A forma de organização dos cuidados de saúde evoluiu até se
atingirem estruturas hierarquizadas e coordenadas que em Portugal se designaram
de Serviço Nacional de Saúde. Por ser uma estrutura pública e de grande
penetração na população portuguesa, sempre sofreu a cobiça dos privados
interessados em amealharem o mais que pudessem dessa necessidade que é a saúde.
Os liberais não perderam tempo e iniciaram o processo de desmantelamento do SNS
e se é verdade que para o país esta opção é altamente lesiva do interesse
nacional, para o Alentejo é catastrófica.
No Alentejo, a maior região em área geográfica e a menos
populosa no que à demografia diz respeito, as mesmas medidas, brutais em todo o
país, poderão assumir proporções catastróficas, levando à morte por falta de
assistência médica, milhares de idosos.
Senão vejamos: as extensões encerradas são aquelas mais
isoladas e com menos habitantes servidos, o que deixará ainda mais isolados os
que já de poucos meios disporiam; a região do Alentejo não é servida por uma
rede de transportes públicos que permita sequer, a ligação entre as principais
cidades quanto mais entre pequenas vilas e lugarejos e as principais unidades
hospitalares, deixando à mercê quem não tiver meios económicos para pagar táxis
ou outros meios privados de transporte para uma consulta ou uma urgência.
Além do mais, esta é uma das regiões mais empobrecidas e
envelhecidas do país, criando uma bolsa de utentes crónicos das urgências
hospitalares, cuja taxa moderadora foi entretanto aumentada para valores
dificilmente suportáveis por esta população, o que só seria evitável se os
cuidados de saúde primários abrangessem toda a população.

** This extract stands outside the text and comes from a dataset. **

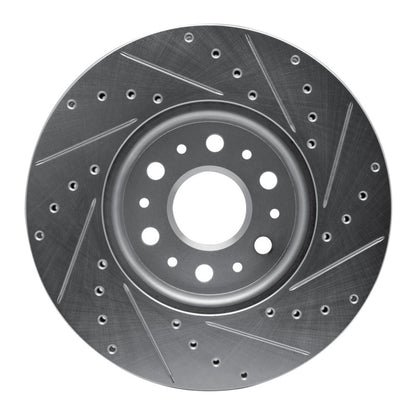 R1 Concepts R1 2017-2025 Buick Enclave Front Left Drilled & Slotted Silver Brake Rotor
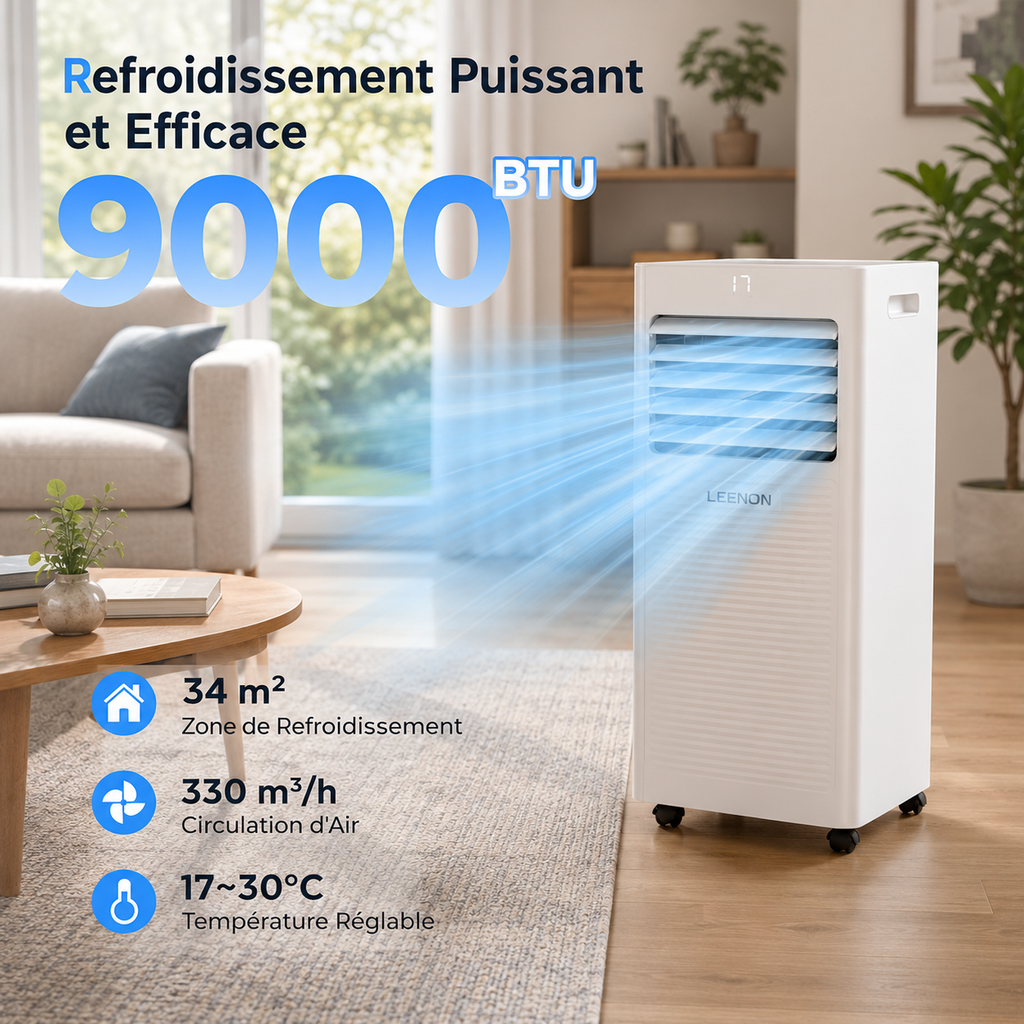 Climatiseur Portable 9000 BTU 3-en-1 avec Ventilation et Déshumidification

Ora é precisamente a
estes que o acesso será restringido.
Nos grandes centros o encerramento de uma urgência ou centro
de saúde, ainda que profundamente contrário aos nossos princípios, poderá ser
colmatado com o desvio para outro a 10 minutos ou 5 km de distância. Mas no
Alentejo é muito diferente. O próximo hospital poderá ficar a mais de 60 ou 70 Km!
Outro exemplo da politica centralizadora deste Governo e
descriminadora das populações mais isoladas é que na reorganização da rede de
urgências hospitalares, a urgência de Évora é desclassificada para urgência
médico-cirúrgica, o que obrigará alguns doentes de todo o Alentejo a terem de
se deslocar para as urgências de S. José ou Santa Maria, em vez de se
deslocarem até Évora.
As populações têm de lutar pelo SNS sob pena de virem a
chorar e a lamentar-se quando já for tarde de mais.
A hora é de lutar pelo que sentimos que é justo e contra
estas políticas de isolamento e de esquecimento do interior.